# Tile16x16: register-resident 16x16 tiles

`Tile16x16` provides a 16x16 matrix tile that lives entirely in registers, distributed across 16 threads in a subgroup (warp). Each thread holds one row as 16 scalar registers. Cross-thread communication uses subgroup shuffles — no shared memory needed.

This is useful for implementing blocked linear algebra kernels (Cholesky, triangular solve, etc.) where you want to keep working data in registers for maximum throughput.

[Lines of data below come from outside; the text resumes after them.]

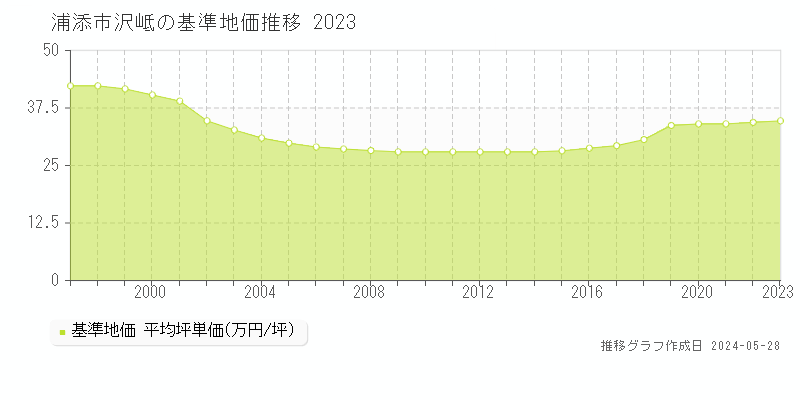 浦添市沢岻の基準地価推移グラフ 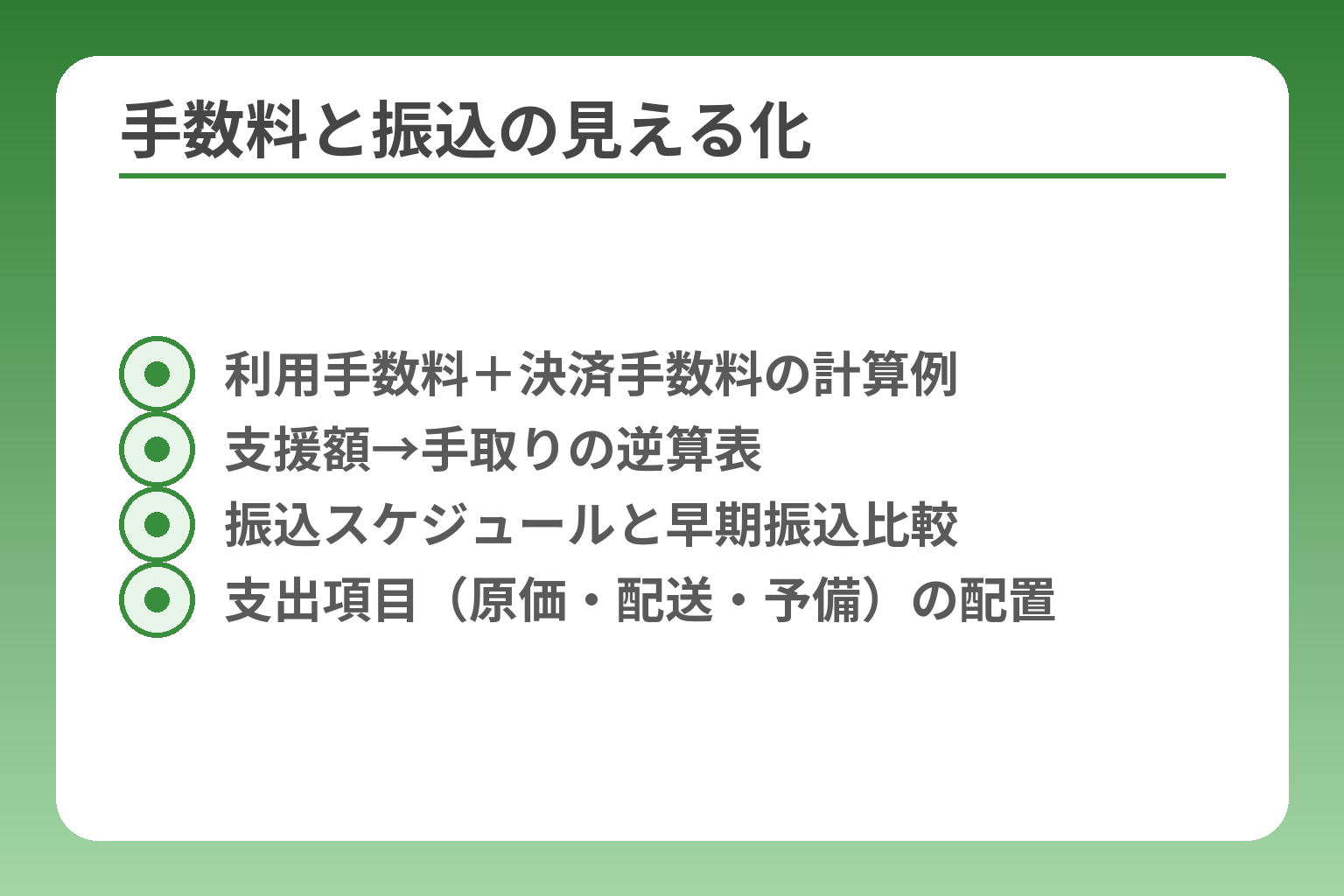 手数料と振込の見える化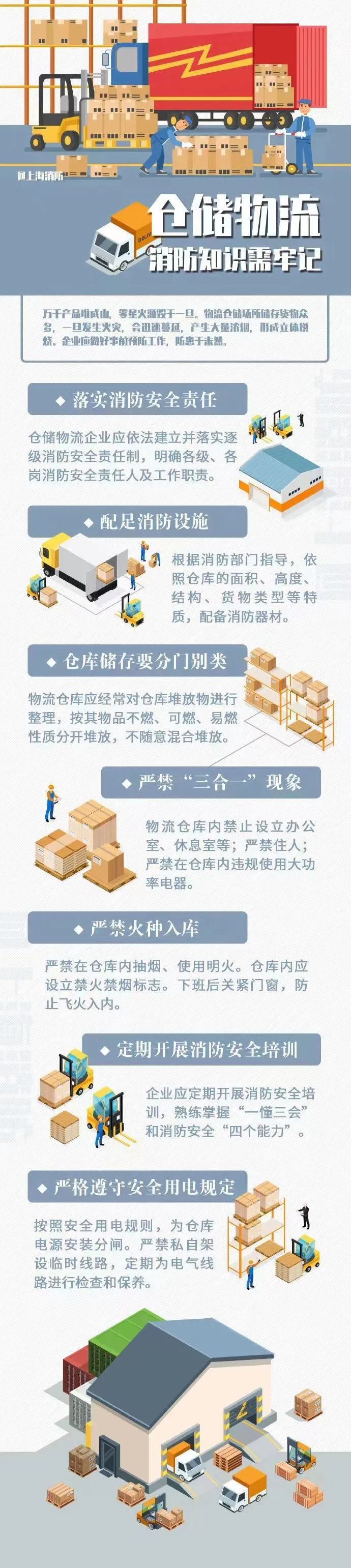 中安力盾|春节临近，物资集中！仓储物流安全需谨慎！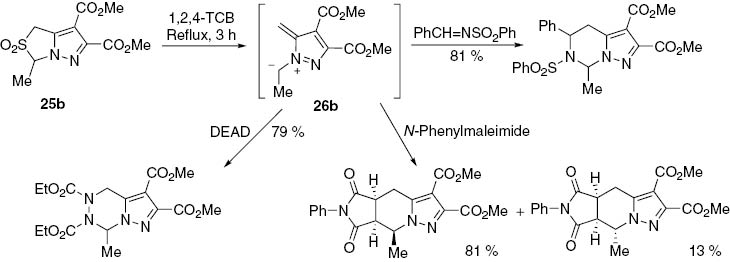 Scheme 10: 
					[8π + 2π] Cycloaddition of diazafulvenium methide 26b with electron-deficient dipolarophiles.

Tile16x16 runs on all GPU backends supported by Quadrants: CUDA, AMD, Metal, and Vulkan. It builds on `qd.simt.subgroup.shuffle`, which is cross-platform — no vendor-specific libraries required. Using Tile16x16 on a CPU backend raises `QuadrantsSyntaxError`.

## Quick start

```python
import quadrants as qd

@qd.func
def my_blocked_op(A, row0, col0, eps):
    N = qd.simt.Tile16x16.SIZE
    t = qd.simt.Tile16x16.zeros(dtype=qd.f32)
    t[:] = A[row0:row0+N, col0:col0+N]
    t.cholesky_(eps)
    A[row0:row0+N, col0:col0+N] = t
```

## Creating a tile

Tiles are created inside kernels or `@qd.func` functions:

```python
# inside a kernel or @qd.func:
t = qd.simt.Tile16x16.zeros(dtype=qd.f32)    # all zeros, f32
t = qd.simt.Tile16x16.zeros(dtype=qd.f64)    # all zeros, f64
t = qd.simt.Tile16x16.eye(dtype=qd.f32)      # 16x16 identity, f32
t = qd.simt.Tile16x16.eye(dtype=qd.f64)      # 16x16 identity, f64
```

The `dtype` argument is optional — if omitted it defaults to the runtime's `default_fp` (usually `qd.f32`). The underlying tile dataclass has 16 fields (`r0`–`r15`) — the scalar registers for one row.

## Loading and storing

Load/store transfers data between a tile and device memory arrays using slice syntax. Both `qd.ndarray` and `qd.field` are supported. Each thread accesses row `row0 + tid`, where `tid` is the thread's subgroup lane index (obtained internally via `subgroup.invocation_id()`).

### Slice syntax

```python
t[:] = arr[row0:row1, col0:col1]    # load from 2D array
arr[row0:row1, col0:col1] = t       # store to 2D array

t[:] = arr[batch, row0:row1, col0:col1]    # load from 3D array
arr[batch, row0:row1, col0:col1] = t       # store to 3D array
```

### Slice value rules

- **Both start and stop indices are required.** `arr[:N, :N]` and `arr[0:, 0:]` are not allowed; write `arr[0:N, 0:N]`.
- **Row range** `[row0, row1)`: thread `tid` accesses row `row0 + tid`. Threads where `row0 + tid >= row1` are skipped. Additionally, rows beyond the array's shape are skipped. Typically `row1 = row0 + qd.simt.Tile16x16.SIZE`, but smaller ranges work for partial tiles.
- **Column range** `[col0, col1)`: each active thread loads/stores columns `col0` through `min(col1, arr.shape[-1]) - 1`. Tile columns beyond this range are left as zero (load) or skipped (store). At most `qd.simt.Tile16x16.SIZE` columns are accessed (tile registers `r0`–`r15` map to `col0`, `col0+1`, …, `col0+15`).
- **Batch index** (3D only): a scalar integer indexing the leading dimension.

### Notes

The `[:]` on the load LHS is required — it distinguishes an in-place tile load from a variable rebinding. The store side does not need `[:]` because the array subscript on the LHS already triggers the correct assignment path.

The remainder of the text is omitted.